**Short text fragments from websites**

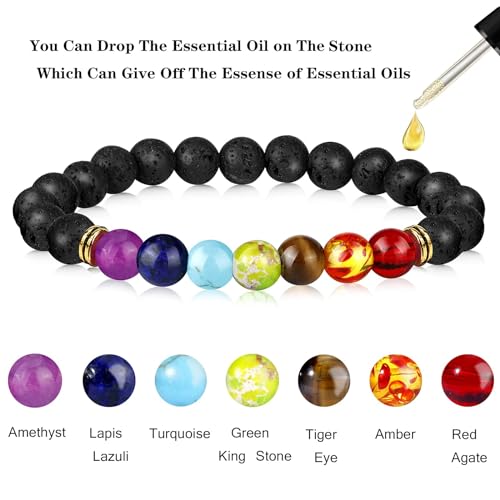 18 Pcs Chakra Bracelets for Women Men Rock 7 Chakra Stones Crystals Healing Stones Bracelets 8mm Relief Yoga Beads Bracelets Essential Oil Diffuser Bracelets3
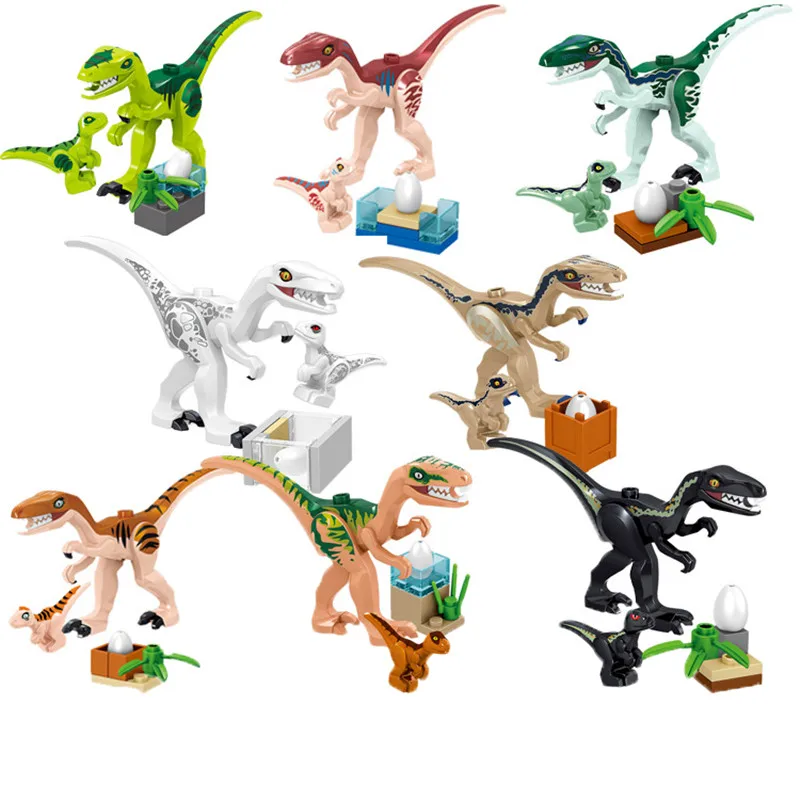 

8Pcs/set Toy Mini Big Dinosaurs Dinosaur Egg Building Blocks Jurassic Triceratops Velociraptors Lot Sets Toys for Children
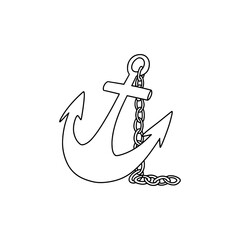 Vector illustration with an anchor. Isolated on a white background. In the outline style. For banners, t-shirts, postcards, etc.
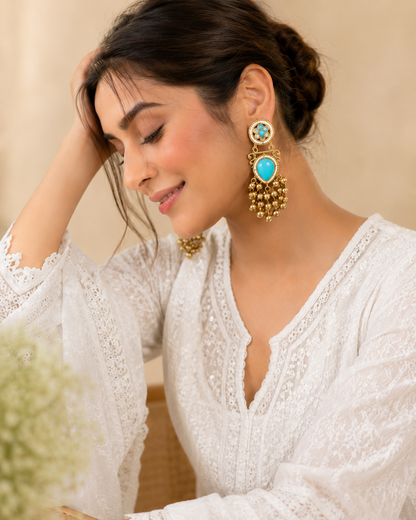 Firoza kashmiri Kundan Drops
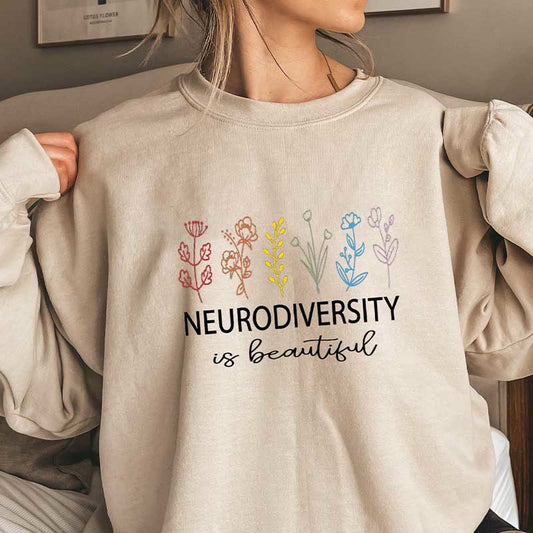 Plus Size Flower Text Sweatshirt - Khaki - 3XL - image 0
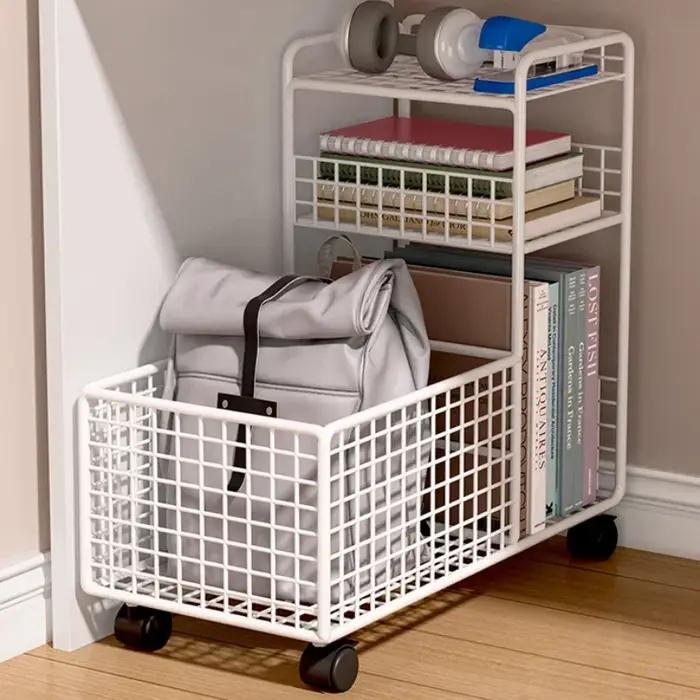 Étagère à livres multicouche pour stockage de documents, chariot multifonction, bureau, salon, snack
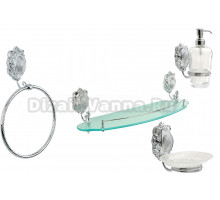 Набор Полотенцедержатель Migliore Cleopatra 16660 хром + Дозатор 16656 настенный, хром + Мыльница 16651 подвесная, хром + Полка 16664 хром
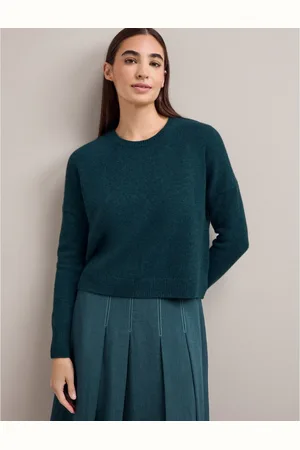Cefinn Lainey Cashmere Back Button Detail Jumper Size: Xs, Col: Burgun - S
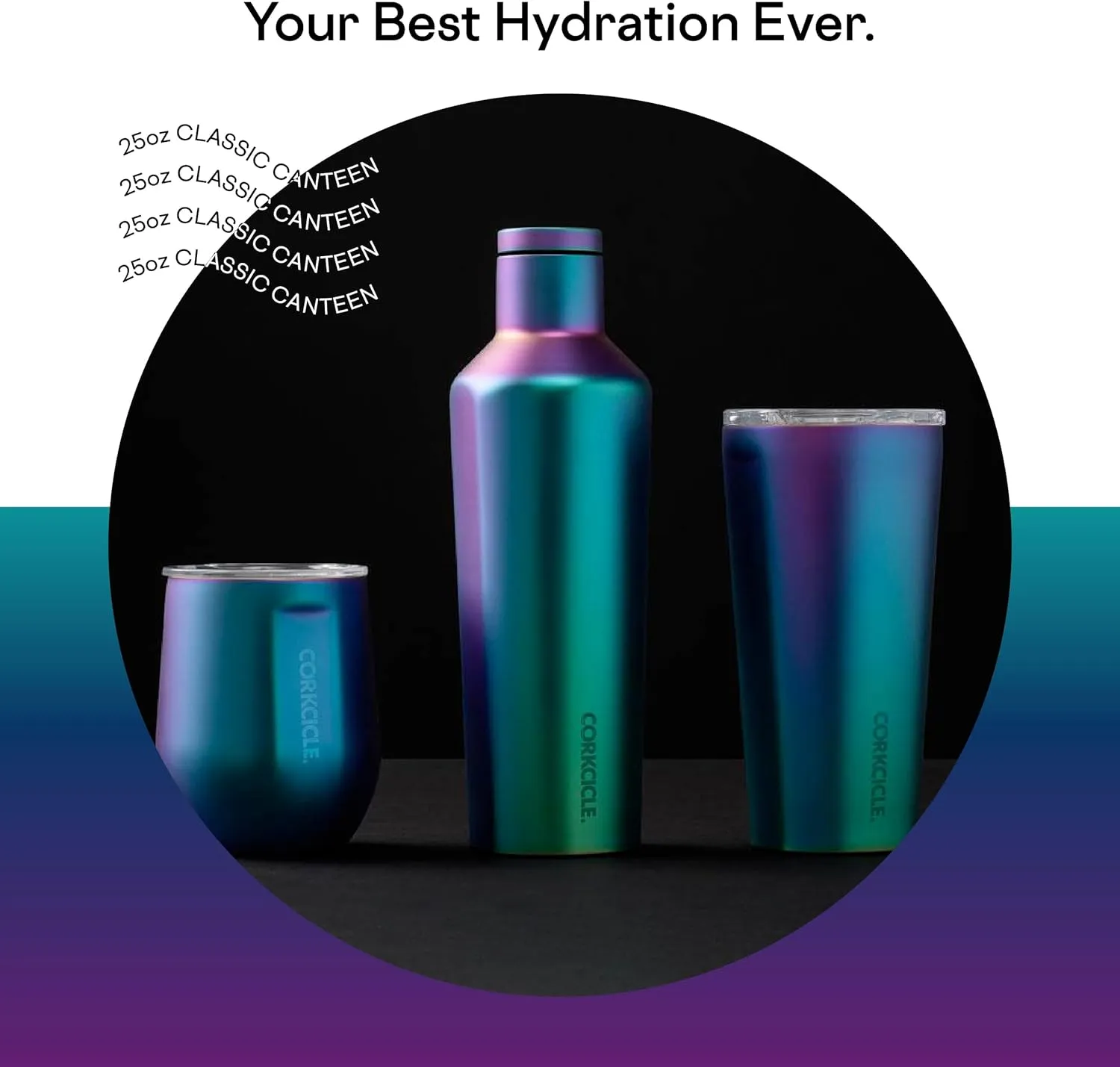 Corkcicle Classic Canteen Insulated Tumbler, Dragonfly, 25 oz – Reusable Water Bottle Keeps Beverages Cold for 25 Hours & Hot 12 Hours – Cupholder Friendly Tumbler with Screw-On Cap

**Work instructions**
Nothing but the lines from the start of the records above through the line with "Étagère à livres" should be retyped, each exactly as written; leave out all pictures.

**Your response**
 18 Pcs Chakra Bracelets for Women Men Rock 7 Chakra Stones Crystals Healing Stones Bracelets 8mm Relief Yoga Beads Bracelets Essential Oil Diffuser Bracelets3

8Pcs/set Toy Mini Big Dinosaurs Dinosaur Egg Building Blocks Jurassic Triceratops Velociraptors Lot Sets Toys for Children
 Vector illustration with an anchor. Isolated on a white background. In the outline style. For banners, t-shirts, postcards, etc.
 Firoza kashmiri Kundan Drops
 Plus Size Flower Text Sweatshirt - Khaki - 3XL - image 0
 Étagère à livres multicouche pour stockage de documents, chariot multifonction, bureau, salon, snack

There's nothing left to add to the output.